Law’s Approach to Establishing Truth
Law has a system for establishing the truth of a representation that is hardly mentioned in the digital rights discussion: evidence. Evidence law is the body of law that determines what kinds of information should be allowed to influence how we make decisions about people’s fundamental rights. Evidence law directly addresses how we attribute significance to representations of all types. And, importantly, it also establishes accountability for misrepresentations with impact.
If you can submit something as evidence in court, the legal system is essentially saying, “This data or representation is credible enough to affect a person’s fundamental freedoms.” Evidence law, in other words, helps establish the procedural bar for determining truth in fundamental rights systems and is a useful bar for determining the contextual truth of data. That’s not to say that law has cracked epistemology; rather, law has tools for assigning value and liability to the impact of a representation.
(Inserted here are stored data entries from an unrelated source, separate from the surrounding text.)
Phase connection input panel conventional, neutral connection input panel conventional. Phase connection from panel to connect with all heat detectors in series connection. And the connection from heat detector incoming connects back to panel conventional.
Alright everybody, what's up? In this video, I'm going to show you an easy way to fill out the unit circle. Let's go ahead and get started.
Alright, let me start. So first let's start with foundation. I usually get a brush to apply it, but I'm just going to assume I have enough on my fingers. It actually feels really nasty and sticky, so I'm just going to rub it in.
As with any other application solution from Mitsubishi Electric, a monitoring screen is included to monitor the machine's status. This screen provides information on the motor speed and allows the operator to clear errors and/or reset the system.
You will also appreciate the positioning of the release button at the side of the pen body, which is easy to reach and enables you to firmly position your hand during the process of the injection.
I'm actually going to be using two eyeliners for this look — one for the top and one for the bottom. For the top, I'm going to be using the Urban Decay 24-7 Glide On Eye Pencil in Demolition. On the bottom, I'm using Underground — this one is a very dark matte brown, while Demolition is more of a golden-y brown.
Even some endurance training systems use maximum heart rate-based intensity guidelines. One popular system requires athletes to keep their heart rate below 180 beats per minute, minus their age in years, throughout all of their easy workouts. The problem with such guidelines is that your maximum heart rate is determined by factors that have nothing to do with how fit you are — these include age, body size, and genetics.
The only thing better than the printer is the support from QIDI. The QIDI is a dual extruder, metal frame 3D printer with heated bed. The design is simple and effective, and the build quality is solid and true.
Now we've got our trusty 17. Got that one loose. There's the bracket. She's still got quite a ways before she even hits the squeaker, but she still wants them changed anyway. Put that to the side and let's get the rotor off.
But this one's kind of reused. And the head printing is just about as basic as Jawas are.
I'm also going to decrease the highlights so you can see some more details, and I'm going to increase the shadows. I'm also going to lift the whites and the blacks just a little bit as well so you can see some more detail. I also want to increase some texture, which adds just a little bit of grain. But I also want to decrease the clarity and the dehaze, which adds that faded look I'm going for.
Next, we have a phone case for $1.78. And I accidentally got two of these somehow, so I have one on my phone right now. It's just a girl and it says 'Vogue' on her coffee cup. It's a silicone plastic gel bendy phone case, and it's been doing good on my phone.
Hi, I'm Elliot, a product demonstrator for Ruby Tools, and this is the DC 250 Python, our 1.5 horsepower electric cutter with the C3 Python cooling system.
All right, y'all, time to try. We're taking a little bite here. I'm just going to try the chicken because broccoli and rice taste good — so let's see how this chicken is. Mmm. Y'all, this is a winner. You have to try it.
Evidence law offers at least three, critical foundations for designing data rights:
- Evidence law requires a chain of custody. Lawyers introducing evidence need to be able to document how a piece of evidence travelled from the scene of an incident to a courtroom. The same is true of a piece of knowledge: most courts only let people testify to things they know or observed directly.
- Courts provide accountability for misrepresentations. In most places, deliberately lying in court is a crime. The law broadly recognizes that when speech becomes a representation and has significant impacts on a person’s rights, the speaker bears accountability for its truth.
- Evidence law is an implemented system that has had to establish “truth” across a broad range of facts and information sources. The operational structures of courts aren’t a new analogy for the ways that digital platforms manage specific types of problems, such as content moderation on social media platforms or small-claims adjudication on eBay. But these structures are applicable to a much broader range of digital rights than is currently recognized or implemented in digital systems.
These foundations are far from a complete blueprint for how to adjudicate rights in digital spaces, but they are important design requirements for those trying to build equity or trust in digital systems and the impacts of data use. The fastest way for us to lose the potential of digital systems is to fail to hold them accountable to the basic integrity we expect of everything else.